Nah, itu adalah pernyataan yang spontan dan sangat bersifat pribadi. Pernyataan itu keluar dari hati yang telah dijamah oleh Tuhan dan hati yang melimpah dengan ucapan syukur karena dapat mengenal Yesus. Memberi adalah hal yang sangat pribadi, antara kita dan Tuhan saja. Pemberian seperti ini tidak perlu diukur banyak atau sedikitnya. Pada waktu buli-buli minyak narwastu dipecahkan hanya untuk menyeka kaki Yesus, Yudas berpendapat bahwa itu pemborosan. Tetapi Tuhan Yesus tidak sependapat, bahkan Dia menerimanya dengan senang hati. Hanya orang yang memberi pemberian seperti ini yang mengerti tentang sukacita yang ia alami, orang lain tidak dapat merasakannya.
6. Memberi karena kasih
Sekali lagi kita dapat mengatakan bahwa kita dapat memberi tanpa mengasihi, tetapi kita tidak dapat mengasihi tanpa memberi.
“Karena begitu besar kasih Allah akan dunia ini, sehingga Ia telah mengaruniakan Anak-Nya yang tunggal …” Yohanes 3:16.
Tuhan menilai hati dibalik setiap pemberian dan kebenaran hati itulah yang memperkenankan hati-Nya.

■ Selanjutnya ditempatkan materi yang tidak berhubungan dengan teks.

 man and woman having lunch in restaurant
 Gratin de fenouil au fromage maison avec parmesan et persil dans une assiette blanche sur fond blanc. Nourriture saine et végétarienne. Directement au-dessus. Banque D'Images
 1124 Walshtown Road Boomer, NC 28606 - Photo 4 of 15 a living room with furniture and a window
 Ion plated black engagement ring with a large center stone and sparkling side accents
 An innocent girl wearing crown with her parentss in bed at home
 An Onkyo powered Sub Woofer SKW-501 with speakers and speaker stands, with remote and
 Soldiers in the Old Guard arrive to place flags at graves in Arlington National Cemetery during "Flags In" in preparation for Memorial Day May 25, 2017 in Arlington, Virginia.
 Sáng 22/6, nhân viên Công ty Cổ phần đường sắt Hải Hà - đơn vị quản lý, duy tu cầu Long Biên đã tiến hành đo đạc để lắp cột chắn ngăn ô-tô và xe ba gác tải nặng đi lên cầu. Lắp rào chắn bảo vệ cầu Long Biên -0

“Hendaklah masing-masing memberikan menurut kerelaan hatinya, jangan dengan sedih hati atau karena paksaan, sebab Allah mengasihi orang yang memberi dengan sukacita” 2 Korintus 9:7
Tuhan bukanlah perampok yang memaksa kita untuk memberi. Tuhan ingin kita memberi karena kita sadar akan kasih-Nya yang besar. Sehingga pada saat memberi, kitapun tahu bahwa pemberian kita masih terlalu kecil dibandingkan dengan besarnya kebaikan-Nya. Pemberian seperti itu menyukakan hati Tuhan.

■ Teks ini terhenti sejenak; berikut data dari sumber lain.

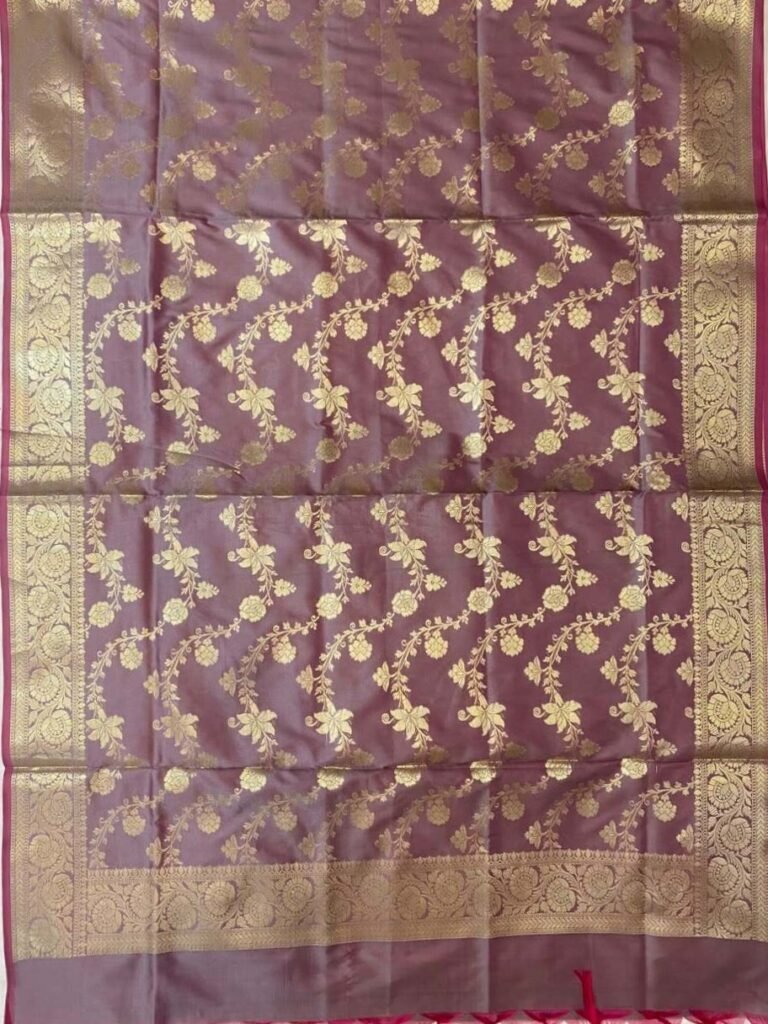 Premium wine Semi Kataan Silk Banarasi dupatta with golden zari floral jaal work, an ornate gold border and magenta-pink tassels.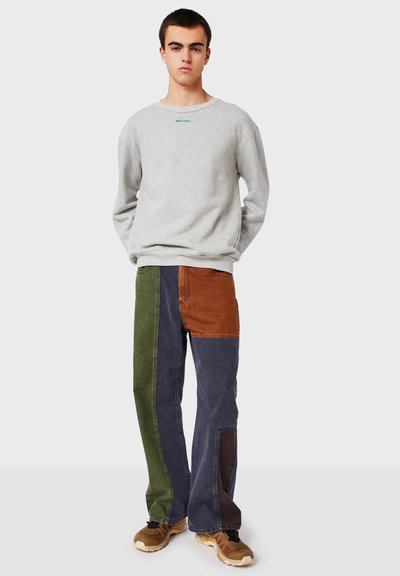 Ung man iförd en ljusgrå sweatshirt och byxor i lapptäcke med gröna, bruna och blå paneler, stående mot en enhetlig bakgrund.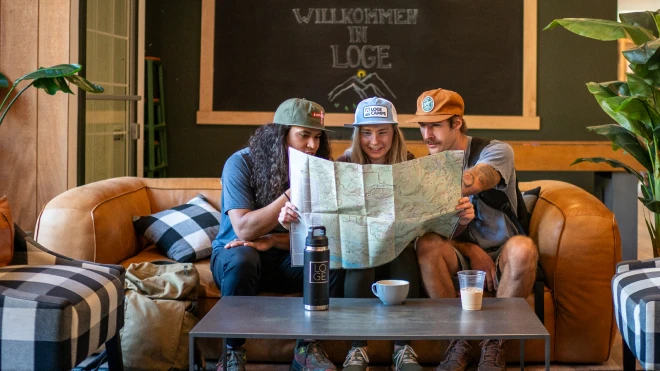 Three friends sitting on a couch studying a map with drinks on the table, under a sign reading Willkommen in LOGE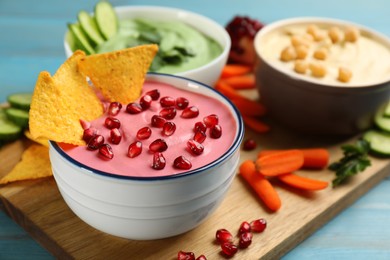 Bowl of delicious pink hummus with tortilla chips and pomegranate seeds on light blue wooden table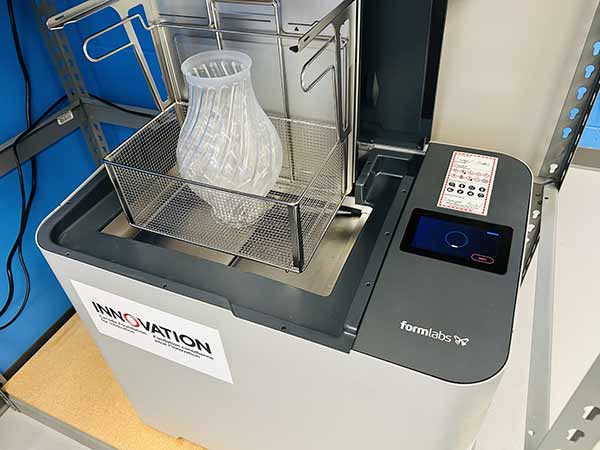 Machine Formlabs avec un objet imprimé en 3D translucide en forme de vase dans un panier métallique.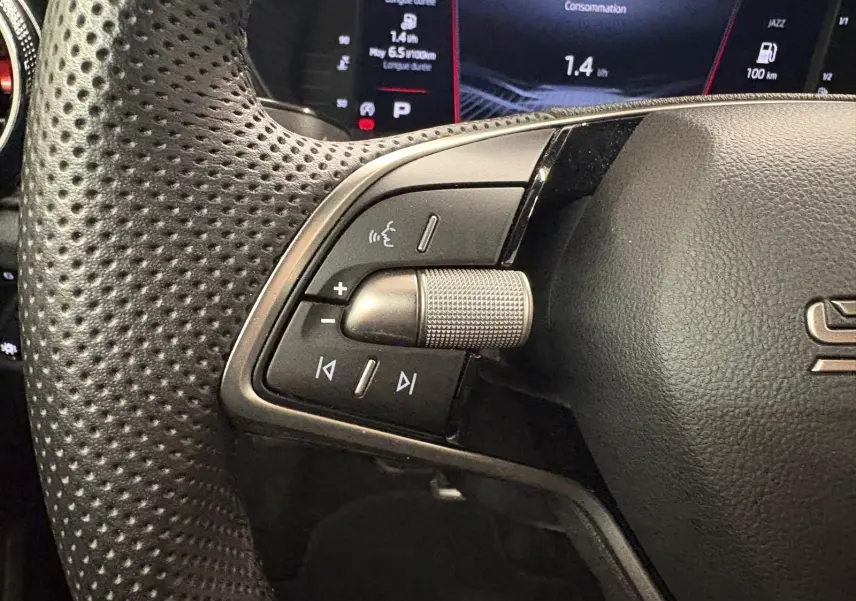 Gros plan sur les commandes gauche du volant perforé d’une Skoda Fabia 2025, avec écran numérique en arrière-plan.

Tuhan ingin kita terbebas dari keduniawian. Dia ingin memenuhi hidup kita dengan kemerdekaan dan kebahagiaan. Salah satu cara untuk mengalami semuanya itu adalah dengan memiliki ‘hati yang memberi’. Justru pada waktu kita memberi, saat itulah sukacita yang dari Tuhan memenuhi hati kita.